Date: Friday 8th January 2020 || 9:00 am to 10:30 am (GMT)

9am London || 3.30pm Yangon || 4pm Bangkok, Phnom Penh, Hanoi & Jakarta || 5pm Kuala Lumpur, Singapore & Manila

Panelists

Host: Dr Maung Zarni, FORSEA General Secretary & Fellow, (Genocide) Documentation Center – Cambodia

Guests:
Assoc. Prof. Pavin Chachavalpongpun, Kyoto University
Prof. Ramon “Bomen” Guillermo, University of the Philippines Diliman
Emerita Prof. Saskia E. Wieringa, University of Amsterdam
Prof. Michael W. Charney, SOAS, University of London
Dr Mesrob Vartavarian, Cornell University

Watch live on the FORSEA YouTube Channel

This FORSEA Dialogue will explore the multiple ways in which ASEAN states execute the suppression of intellectual freedom, particularly within their state-run university systems, FORSEA’s in-depth dialogue series is bringing together a group of scholars who specialize in Southeast Asian affairs.


More Information

In his originally Thai language essay Anti-University (https://mekongreview.com/antiuniversity/ , “thinking is not a crime”, screamed Thongchai Winichakul, the renowned University of Wisconsin historian and 1976 uprising leader of Thailand, while lambasting at what he calls “the anti-university” phenomenon, which “produces docile people who stay inside the box”.

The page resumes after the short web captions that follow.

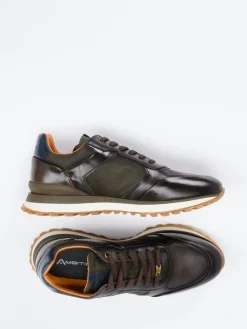 – Sneaker aus Kalbleder und Mesh*Ambitious Best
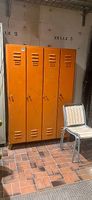 Alter Garderobenschrank
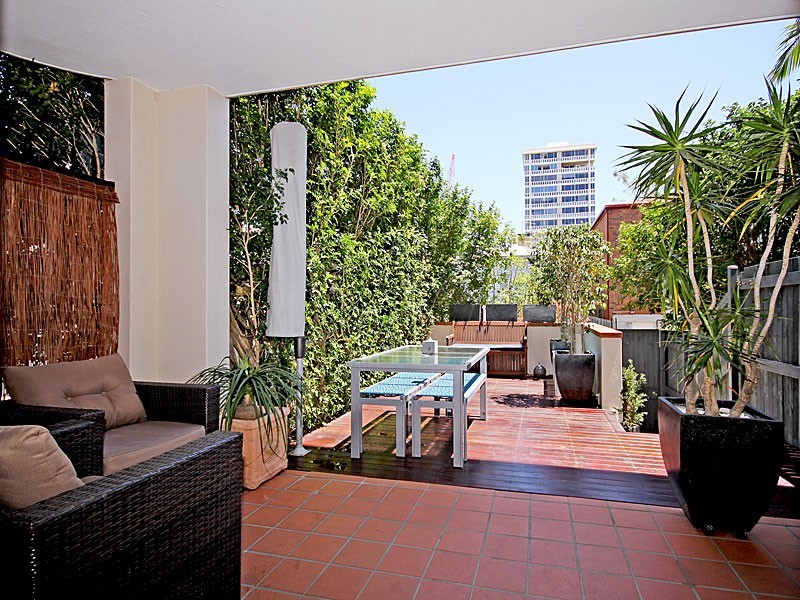 693 Brunswick Street, New Farm QLD 4005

The intellectual emptying out of universities (and pre-collegiate schools) by ASEAN states – most of which are autocratic, feudal or downright repressive – is pervasive across the region, which is home to nearly 600 million inhabitants.

The typical “anti-thinking” policies of ASEAN governments have long thwarted the intellectual growth of several generations of Southeast Asians.  Peoples are promised “economic growth” in implicit exchange for surrendering their fundamental human rights and political and civil liberties, including the freedoms to think and express, and academic freedom.

Recently, the National University of Singapore Press, one of Asia’s top academic publishers, dropped its originally scheduled publication of “Coup, King, Crisis: A Critical Interregnum in Thailand” (now published as Yale Southeast Asian Studies, Monograph #68), the timely volume of high quality research essays, critical of the Thai monarchy, edited by the University of Kyoto academic and Thai dissident Pavin Chachavalpongpun. Some years ago, Burmese scholar and activist Maung Zarni publicly resigned from Universiti Brunei Darussalam, citing his employer’s blatant attempt to gag him from speaking out and writing about Myanmar’s genocide of Rohingyas.  For decades, the military-controlled Myanmar axed entire social science departments, banned teaching of political science and sociology, and tightly controlled access to university libraries.

This decades-old typical state repression in higher education needs to be critically understood, challenged and changed if Southeast Asia is to experience democratic transformation, not simple the growth of high rises and spread of mass consumerism in the name of (un-sustainable) growth and at the expense of the environment.